Campbeltown Whisky Region
Found on the Kintyre Peninsula to the west of Glasgow, the Campbeltown Whisky Region is the smallest in Scotland. For a time, this small region was home to over 30 distilleries, and was labelled the whisky capital of Scotland.
However, this success led to over production and a reduction in quality, with many distilleries failing. Today, only three distilleries survive in Campbeltown: Springbank, Glengyle, and Glen Scotia. Dating from 1828, Springbank is the oldest and perhaps most well known of the three.
The whisky from Campbeltown is unique, with fruity, peaty, sweet, and smoky notes.
Islay Whisky Region
Last, but by no means least, the Isle of Islay is the fifth of Scotland’s whisky producing regions. There are nine distilleries on the island, the majority of which are well known brands. These include Laphroaig, Lagavulin, Ardbeg, and Bruichladdich.
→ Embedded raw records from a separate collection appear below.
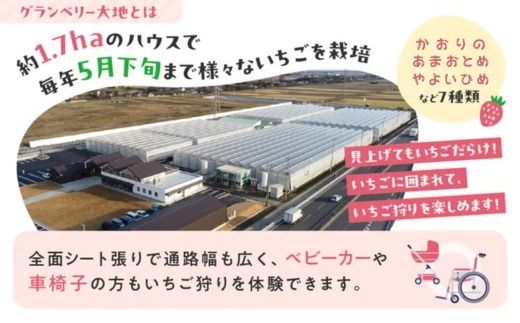 【訳あり】冷凍いちご　1kg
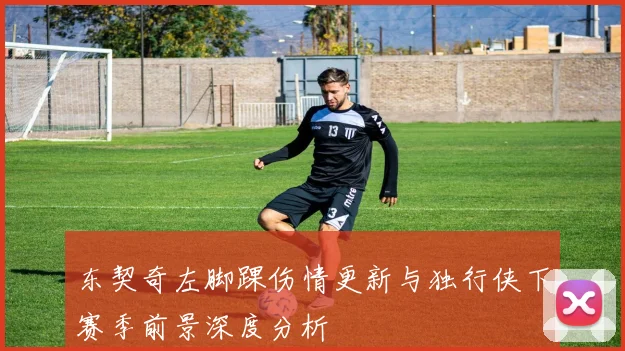 东契奇左脚踝伤情更新与独行侠下赛季前景深度分析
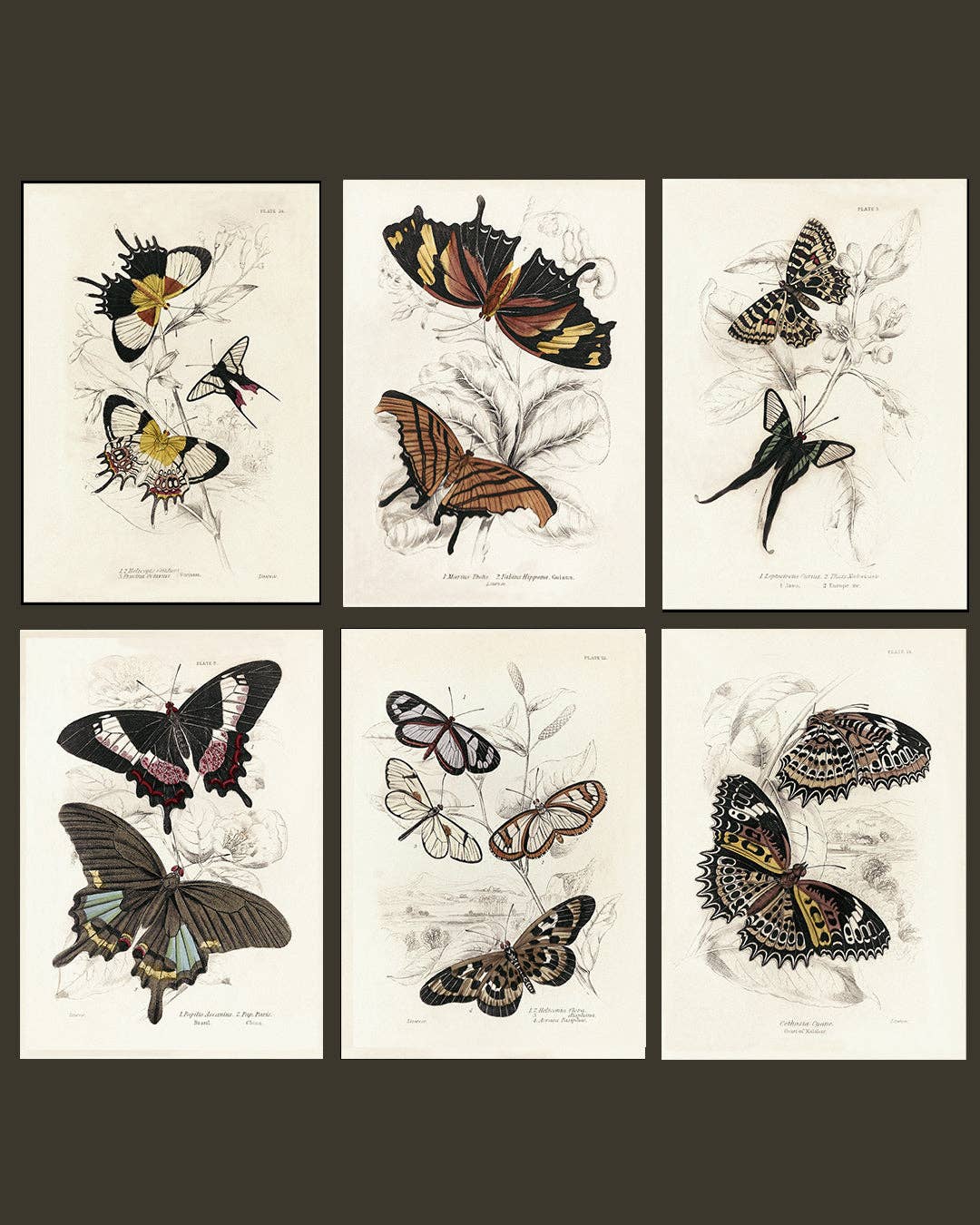 Coultura - Wholesale Gallery Wall Set - Framed Set of Six Vintage Butterfly Art Prints (Classic Teak Frame Collection)15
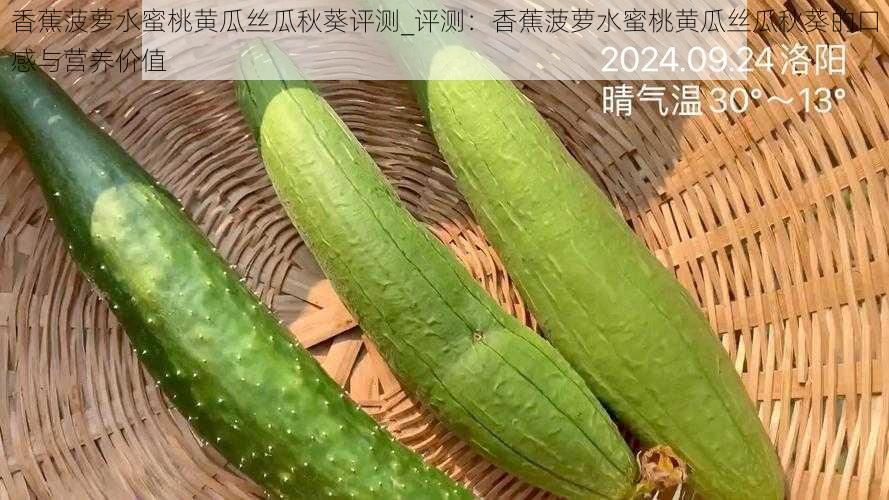 香蕉菠萝水蜜桃黄瓜丝瓜秋葵评测_评测：香蕉菠萝水蜜桃黄瓜丝瓜秋葵的口感与营养价值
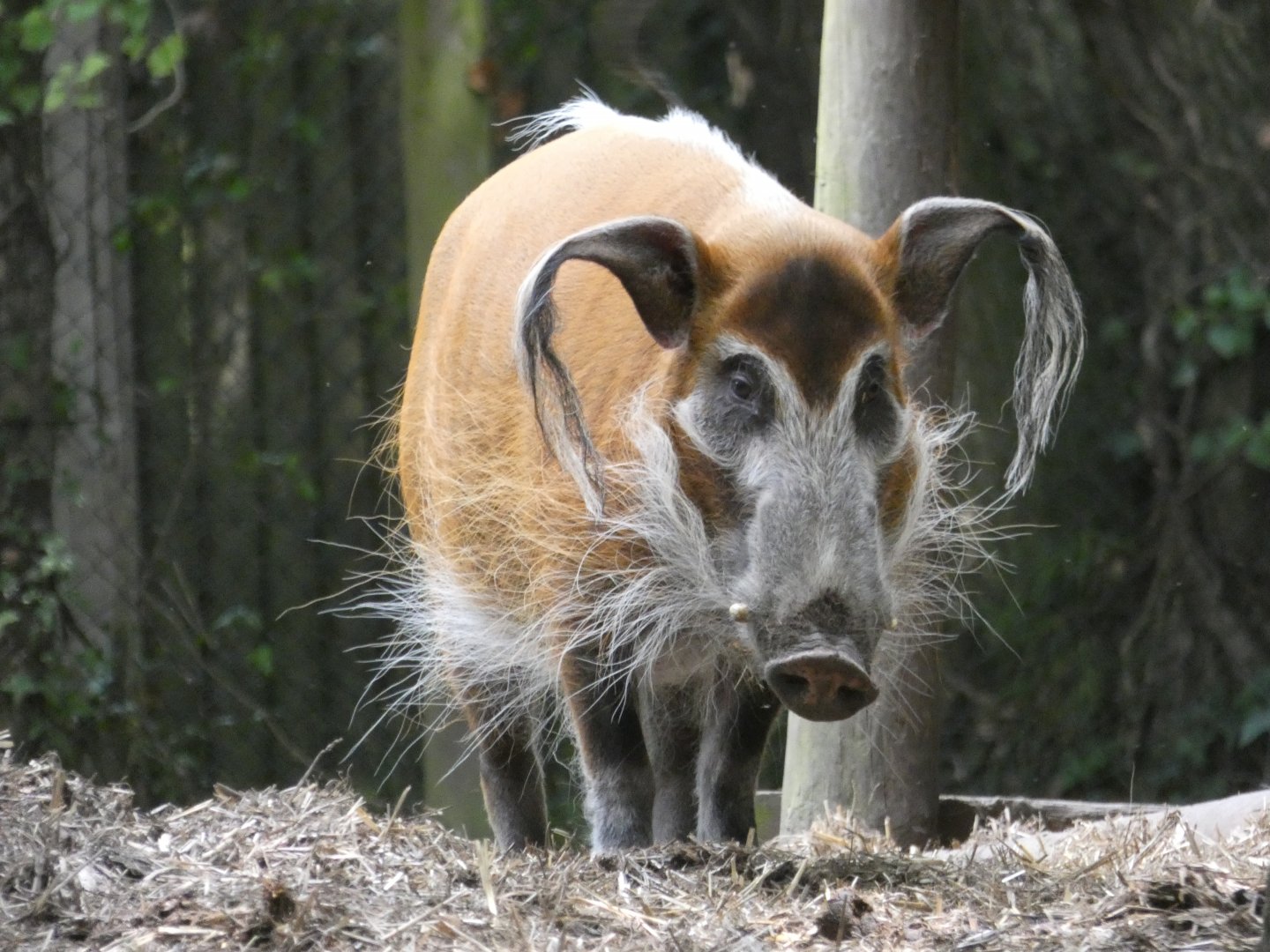 Red River Hog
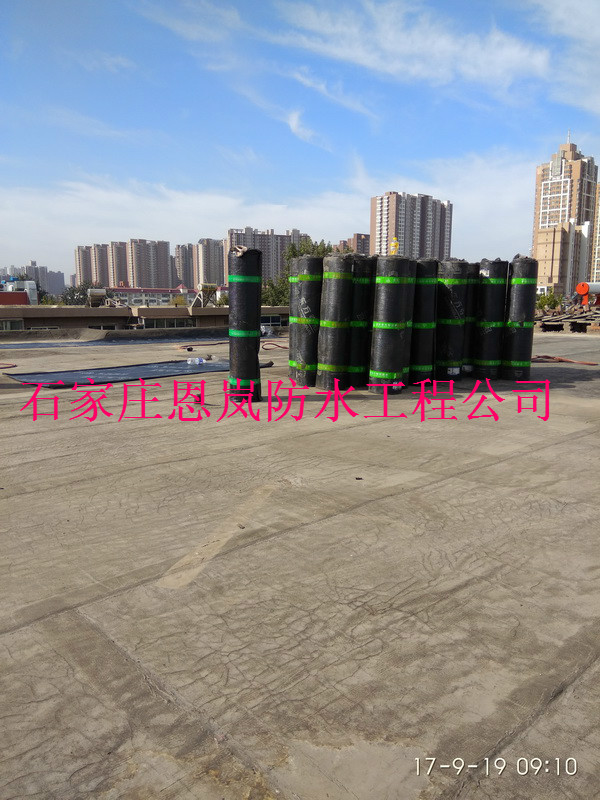 IMG_20170919_091045.jpg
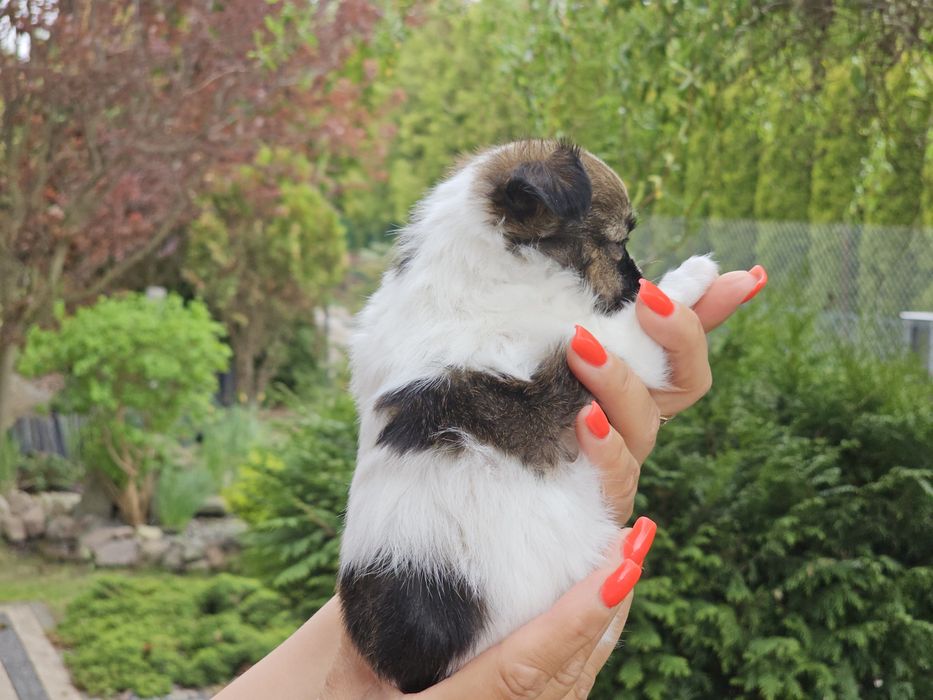 Chihuahua samiec  długowłosy chłopiec Lipton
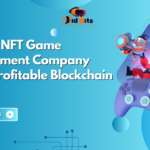 How an NFT Game Development Company Builds Profitable Blockchain Games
Islay whisky is famed for being heavily peated and smoky, and is definitely a divisive flavour. Peated water and peat fired kilns, combined with the sea-side location, definitely contributes to the distinctive flavours of an Islay single malt.
However, with nine distilleries to choose from, there are whiskies here to suit most palates. Peated Islay single malt whisky is actually my favorite kind of whisky; however, it can be quite an overwhelming flavour for first time whisky drinkers!
Which are the Most Popular Scottish Whiskys?
There are over 100 distilleries in Scotland, and each of them produces a number of different single malt whiskies. In addition, many of these distilleries also contribute their whisky to blended whiskies, meaning there are literally hundreds of whiskies to choose from, with a huge range of flavour profiles.
Like wine, individual preferences will vary and there is no “best” whisky. One of the fun things is to discover what you enjoy drinking most.
My personal favourite whisky is Laphroaig 10 year old, which has a very strong peat and sea flavour. I’ll admit, it’s not for everyone. Famous whisky drinker Winston Churchill favoured Johnny Walker Red Label, which remains one of the best-selling blended whiskies in the world.
By sales volume, the following distilleries sell the most single malt Scotch whisky according to Scotch Whisky Magazine:
- The Glenlivet
Single malt sales pale in comparison to blended whiskies though, which account for over 90% of Scotch whisky sold around the world. These are the top five blended whisky brands by sales according to the Spirits Business:
- Johnnie Walker
- Chivas Regal
- William Lawson’s
Of course, this is just the tip of the iceberg. Over a billion bottles of whisky are exported from Scotland each year!
Can you Visit a Whisky Distillery in Scotland?
You absolutely can visit a whisky distillery in Scotland. Many of the distilleries across the country offer tours and tastings. In fact, the hardest part will be deciding which distillery or distilleries to visit!
Of course, there are some ways to narrow down which distilleries you want to visit.
First, if you already have a favourite single malt Scotch whisky, then you might prefer to visit the distillery where it’s made. You should be aware that while many distilleries offer tours, not all of them do. In addition, many only run tours on specific days or require advance booking. So definitely check ahead before just turning up!
Second, where you are visiting in Scotland will likely make a difference to which whisky distillery or distilleries you visit. Of course, whisky aficionados will be planning their Scotland trip around distilleries, or taking a multi-day whisky distillery tour like this. However, I think many visitors will want to visit somewhere near where they are already planning on going.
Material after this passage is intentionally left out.